En salles 20/05/2019

“Une part d’ombre”, premier long métrage de fiction de Samuel Tilman

Hors de l’actualité cannoise, ce thriller psychologique wallon – qui sort en salles cette semaine – vaut le coup d’œil, ne serait-ce que pour l’impeccable prestation de son comédien principal, Fabrizio Rongione.

L’ombre d’un doute... Un titre éminemment hitchcockien qui colle d’évidence parfaitement à cette production belge francophone présentée – et même primée – au Festival du film policier de Beaune il y a quelques semaines, avant de sortir en salles au cœur de la seconde semaine de Barnum cannois, pour une contre-programmation assez recommandable. 

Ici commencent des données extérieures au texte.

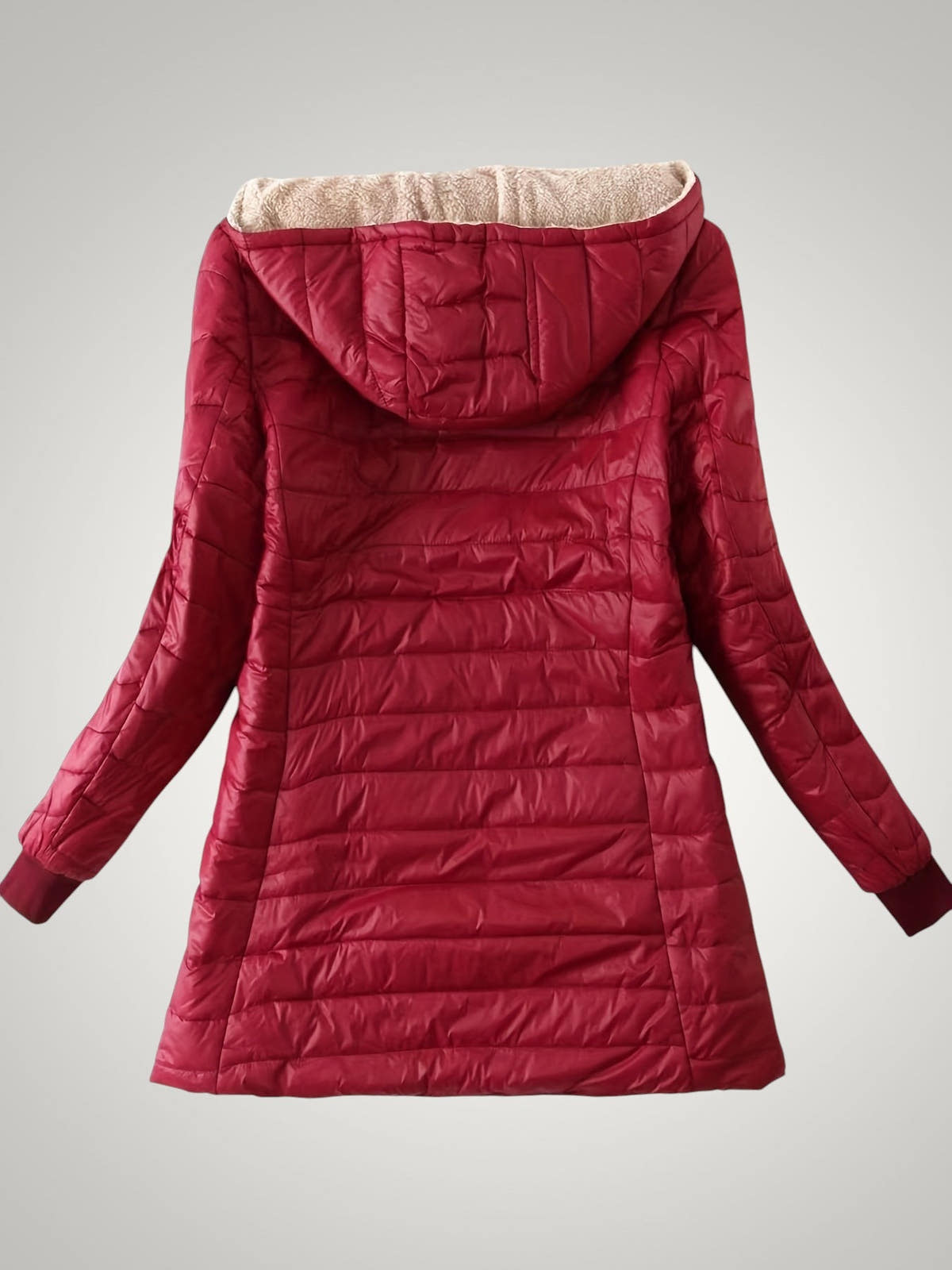 Winterjacke Damen mit Teddyfleece-Futter, lange Daunenjacke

Un peu à la façon du personnage joué par Pio Marmaï dans le récent Mais vous êtes fous d’Audrey Diwan, David est à la fois un compagnon et un papa idéal, mais qui dissimule en réalité une face plus obscure. Pas de dépendance à la cocaïne pour lui, mais une enquête policière dans laquelle il se retrouve embarqué après qu’un corps a été découvert dans une petite localité des Ardennes où il passait un week-end entre potes. Il faisait même son footing quand il a été vu en train de parler à la victime et, de simple témoin, il devient suspect au fur et à mesure que des secrets le concernant se font jour… Habile trame narrative, que le réalisateur Samuel Tilman parvient à rendre crédible à chaque rebondissement, même si une mécanique de scénario domine, presque immanquablement… Ce qui n’empêche nullement la cristallisation progressive d’une atmosphère touffue (à l'instar des forêts des environs de la scène de crime) et mystérieuse. Fabrizio Rongione, dont le capital sympathie s’avère toujours immédiat (voir aussi son travail avec Fabien Gorgeart), apporte un relief tout particulier à son personnage, plus ambigu qu'à l'apparence. L'acteur avait déjà été dirigé, sur un registre sensiblement différent, par Samuel Tilman, dans Voix de garage, un court métrage de 2007 offrant une variation assez drôle de querelle entre anciens amoureux désunis.  

 

 

 

 

 

 

 


Également producteur (citons à ce titre, entre autres, Ça rend heureux, de Joachim Lafosse, ou Mobile Home de François Pirot), et réalisateur de documentaires ou de docu-fictions pour la télévision, Tilman avait aussi signé un autre court métrage, sacrément efficace, en 2010 : Nuit blanche. Il y mettait en scène un employé d’un service d’aide aux randonneurs de haute montagne gardant au téléphone le lien avec un trio de jeunes gens coincés dans les sommets à la tombée de la nuit et du grand froid. Très investi dans sa mission, le sauveteur guidant son équipe de secours entrait en totale empathie avec son interlocutrice, une jeune fille de plus en plus paniquée et le suspense, déjà, était vite prenant. C'est à nouveau le cas aujourd’hui à travers Une part d’ombre, ce qui rassure quant à la faculté des nouvelles générations à réinvestir le cinéma de genre dans leurs premiers projets de long métrage, en Belgique peut-être plus encore qu’en France.